┌────────
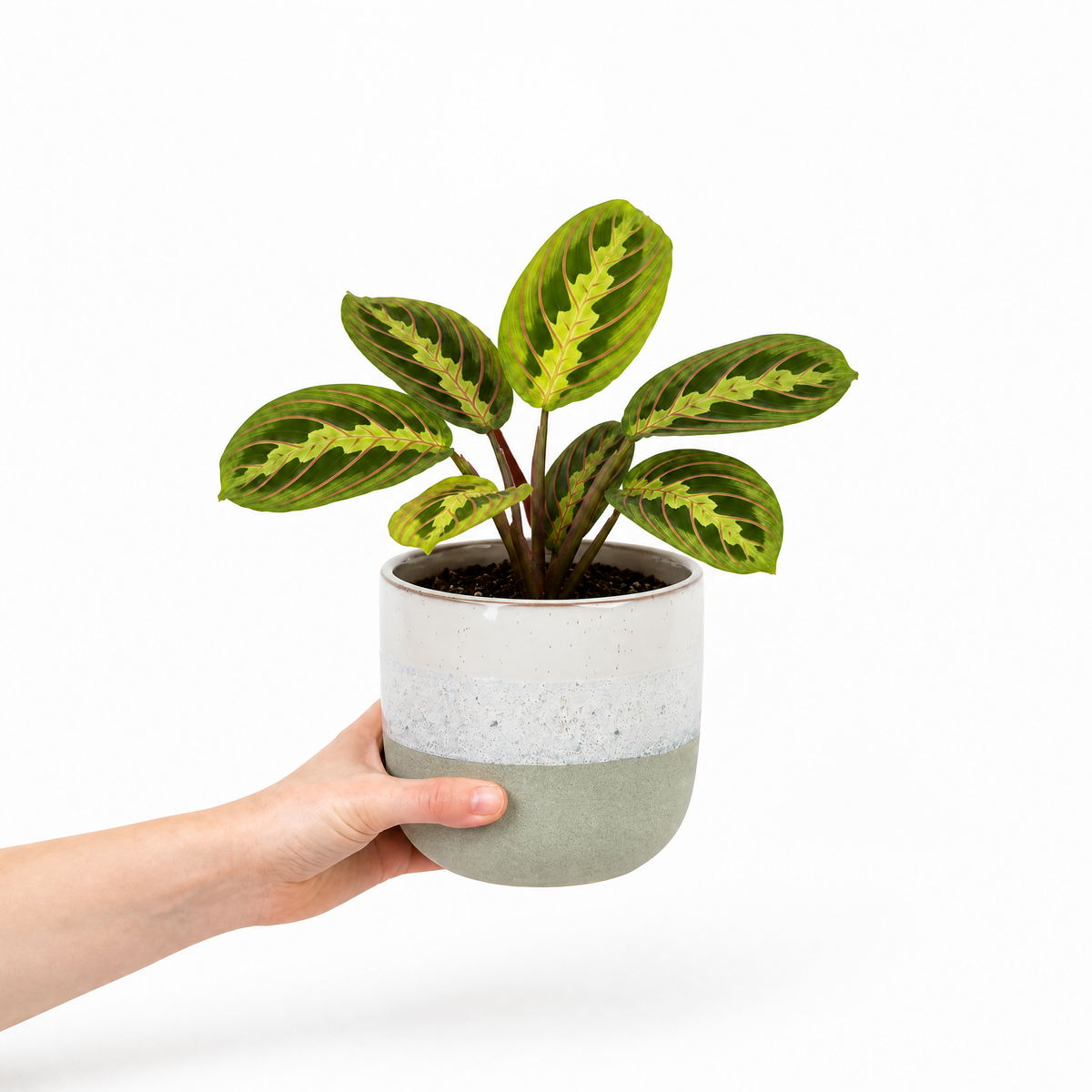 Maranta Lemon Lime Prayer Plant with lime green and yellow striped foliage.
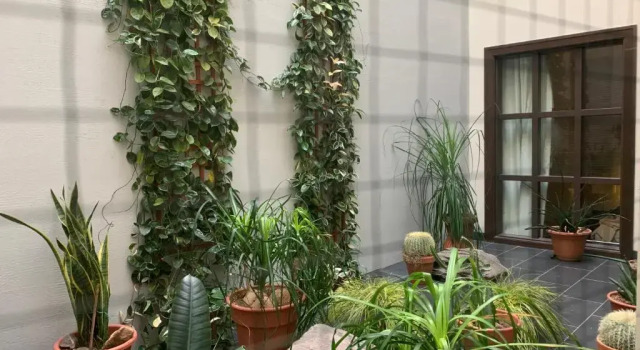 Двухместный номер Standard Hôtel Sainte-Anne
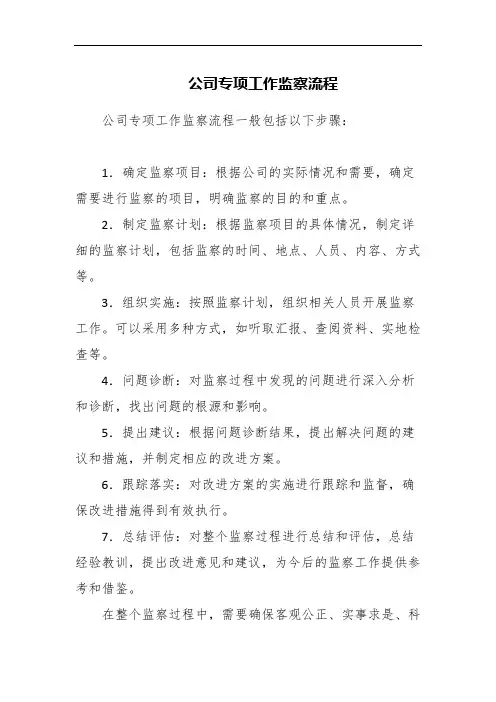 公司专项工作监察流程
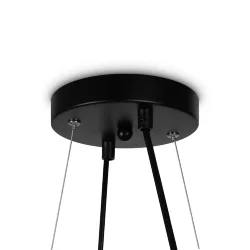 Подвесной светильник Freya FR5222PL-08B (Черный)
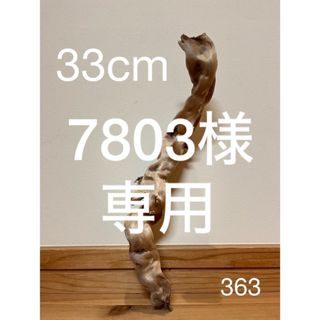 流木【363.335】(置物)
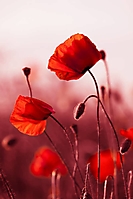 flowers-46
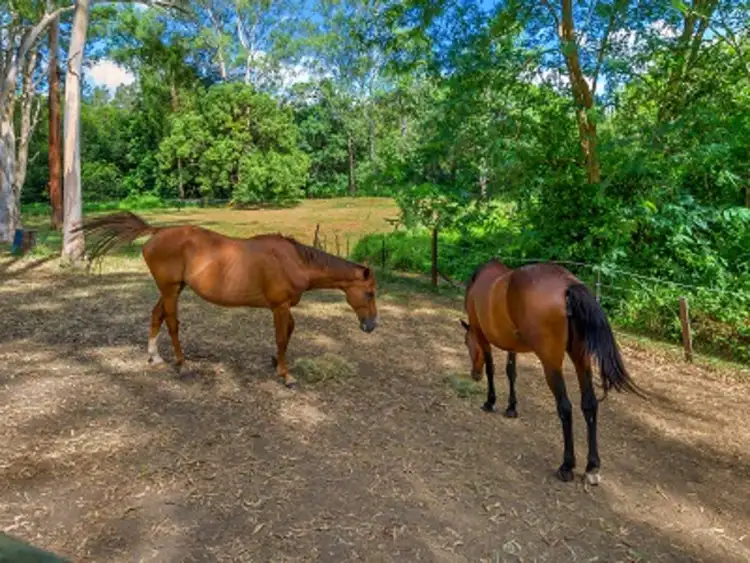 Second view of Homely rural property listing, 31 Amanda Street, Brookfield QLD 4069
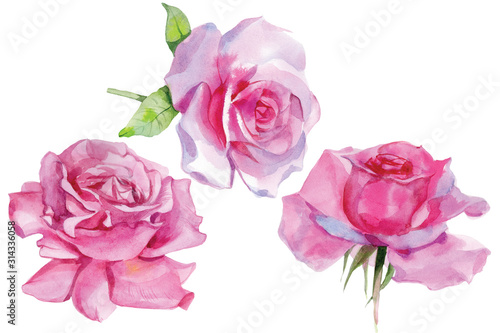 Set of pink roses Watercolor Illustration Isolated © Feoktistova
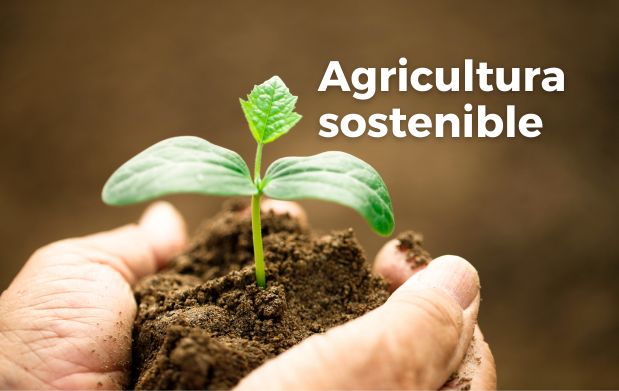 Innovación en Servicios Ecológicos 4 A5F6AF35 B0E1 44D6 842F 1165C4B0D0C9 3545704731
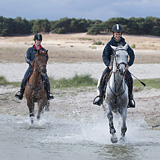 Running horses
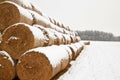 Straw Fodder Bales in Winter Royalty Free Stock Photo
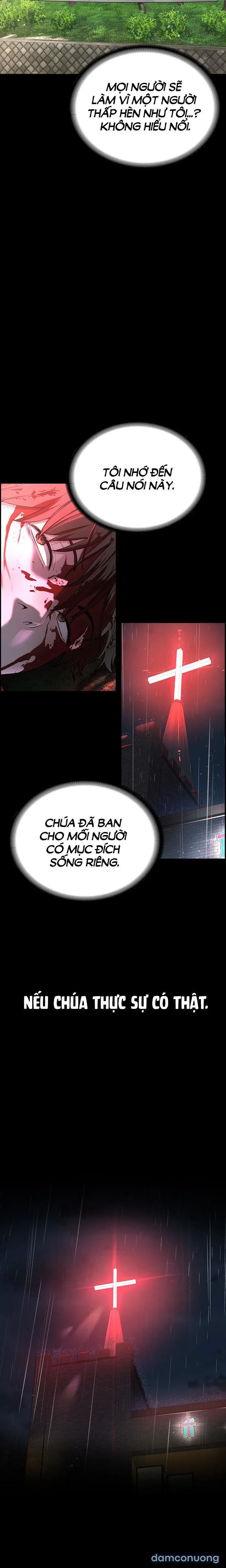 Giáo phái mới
└────────
## Exercise brief
Ignoring the pictures, write out word for word the lines from the line containing "Подвесной светильник Freya" through the end of the material above.

## Expected output
 Подвесной светильник Freya FR5222PL-08B (Черный)
 流木【363.335】(置物)
 flowers-46
 Second view of Homely rural property listing, 31 Amanda Street, Brookfield QLD 4069
 Set of pink roses Watercolor Illustration Isolated © Feoktistova
 Innovación en Servicios Ecológicos 4 A5F6AF35 B0E1 44D6 842F 1165C4B0D0C9 3545704731
 Running horses
 Straw Fodder Bales in Winter Royalty Free Stock Photo
 Giáo phái mới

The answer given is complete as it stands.